Does My Company Need a Type 1 Report Before Getting a Type 2 Report?
No. A SOC 2 Type 2 report will include all of the elements of the Type 1 report, plus the additional testing. However, a Type 1 may be recommended to determine that the controls are suitably designed and implemented before jumping into a Type 2 too quickly.
What Are the Benefits of a SOC 2 Type 2 Report, and How Would a Company Use the Report?
A SOC 2 Type 2 report can help uncover opportunities for improvement in your processes and procedures.
A SOC 2 Type 2 report sends a clear message about your organization’s commitment to protecting customer data. Customers may be able to outsource services, but they cannot outsource their responsibility for the data that has been entrusted to them. This means your customers will want to be sure that your organization takes the security of their data as seriously as they do.

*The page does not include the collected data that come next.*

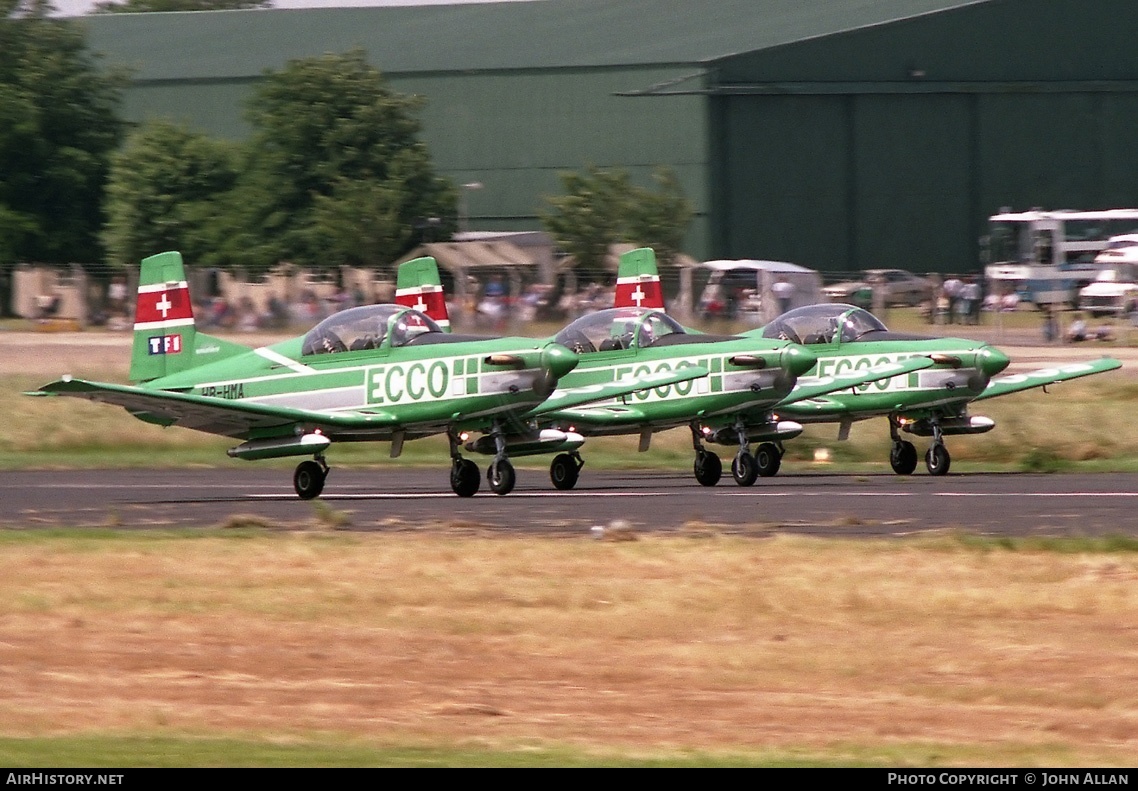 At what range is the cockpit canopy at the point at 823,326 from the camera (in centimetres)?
2509

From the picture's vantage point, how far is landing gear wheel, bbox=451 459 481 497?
21.3m

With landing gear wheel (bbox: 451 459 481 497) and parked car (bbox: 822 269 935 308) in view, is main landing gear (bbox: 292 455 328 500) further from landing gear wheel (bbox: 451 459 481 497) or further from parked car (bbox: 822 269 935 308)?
parked car (bbox: 822 269 935 308)

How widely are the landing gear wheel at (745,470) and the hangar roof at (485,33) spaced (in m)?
39.1

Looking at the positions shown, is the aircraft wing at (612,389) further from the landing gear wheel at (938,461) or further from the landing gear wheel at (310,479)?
the landing gear wheel at (938,461)

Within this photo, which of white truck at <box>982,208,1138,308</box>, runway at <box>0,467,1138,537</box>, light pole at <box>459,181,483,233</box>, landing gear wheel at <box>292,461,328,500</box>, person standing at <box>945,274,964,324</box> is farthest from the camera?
light pole at <box>459,181,483,233</box>

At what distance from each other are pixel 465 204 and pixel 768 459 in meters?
42.0

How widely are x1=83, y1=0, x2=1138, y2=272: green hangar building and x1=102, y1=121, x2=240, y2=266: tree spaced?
773cm

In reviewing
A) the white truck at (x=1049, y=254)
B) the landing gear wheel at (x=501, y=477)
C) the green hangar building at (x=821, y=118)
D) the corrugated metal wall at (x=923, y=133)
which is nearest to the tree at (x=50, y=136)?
the green hangar building at (x=821, y=118)

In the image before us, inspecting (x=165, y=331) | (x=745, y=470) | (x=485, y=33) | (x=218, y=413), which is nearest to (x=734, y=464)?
(x=745, y=470)

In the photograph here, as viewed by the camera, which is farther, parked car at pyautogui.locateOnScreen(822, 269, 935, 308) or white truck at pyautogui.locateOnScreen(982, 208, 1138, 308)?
white truck at pyautogui.locateOnScreen(982, 208, 1138, 308)

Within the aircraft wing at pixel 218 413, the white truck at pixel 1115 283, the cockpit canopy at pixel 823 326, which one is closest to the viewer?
the aircraft wing at pixel 218 413

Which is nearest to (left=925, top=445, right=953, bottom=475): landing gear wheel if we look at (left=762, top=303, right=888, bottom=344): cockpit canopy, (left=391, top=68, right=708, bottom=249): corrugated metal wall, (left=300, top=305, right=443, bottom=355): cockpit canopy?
(left=762, top=303, right=888, bottom=344): cockpit canopy

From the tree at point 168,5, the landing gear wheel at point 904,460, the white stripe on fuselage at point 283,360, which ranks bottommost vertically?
the landing gear wheel at point 904,460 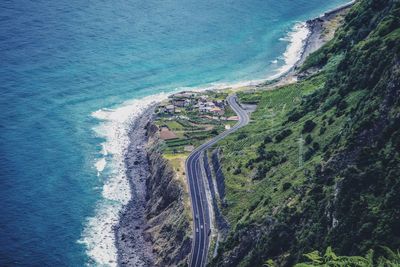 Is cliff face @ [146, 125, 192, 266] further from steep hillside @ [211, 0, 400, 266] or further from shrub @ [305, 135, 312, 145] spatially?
shrub @ [305, 135, 312, 145]

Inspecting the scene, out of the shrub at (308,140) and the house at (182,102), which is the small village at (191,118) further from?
the shrub at (308,140)

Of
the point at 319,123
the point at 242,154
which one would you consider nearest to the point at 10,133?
the point at 242,154

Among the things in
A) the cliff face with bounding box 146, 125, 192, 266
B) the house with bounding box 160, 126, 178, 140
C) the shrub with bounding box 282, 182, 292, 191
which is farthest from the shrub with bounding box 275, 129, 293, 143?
the house with bounding box 160, 126, 178, 140

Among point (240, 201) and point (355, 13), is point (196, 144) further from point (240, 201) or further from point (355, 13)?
point (355, 13)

The SOC 2 Type 2 report can be an easy reason for a potential customer to choose your organization over another.
When is the Right Time to Pursue a SOC 2 Type 2 Report?
It’s beneficial to start a SOC 2 Type 2 report sooner than later, especially because it will take several months from the time you engage a SOC auditor until you receive your SOC 2 Type 2 report. These exams and reports take time to complete, and the sooner you have it available to share, the better your chances of winning the trust of new customers.
Learn More and Start the Process of Getting a SOC 2 Type 2 Exam and Report
A SOC 2 Type 2 report is a significant commitment, both in resources and in the message that it sends to customers. The benefits far outweigh the costs and time invested and offer reasonable assurance that you take the security and trust of your customers seriously and are doing everything you can to mitigate risks.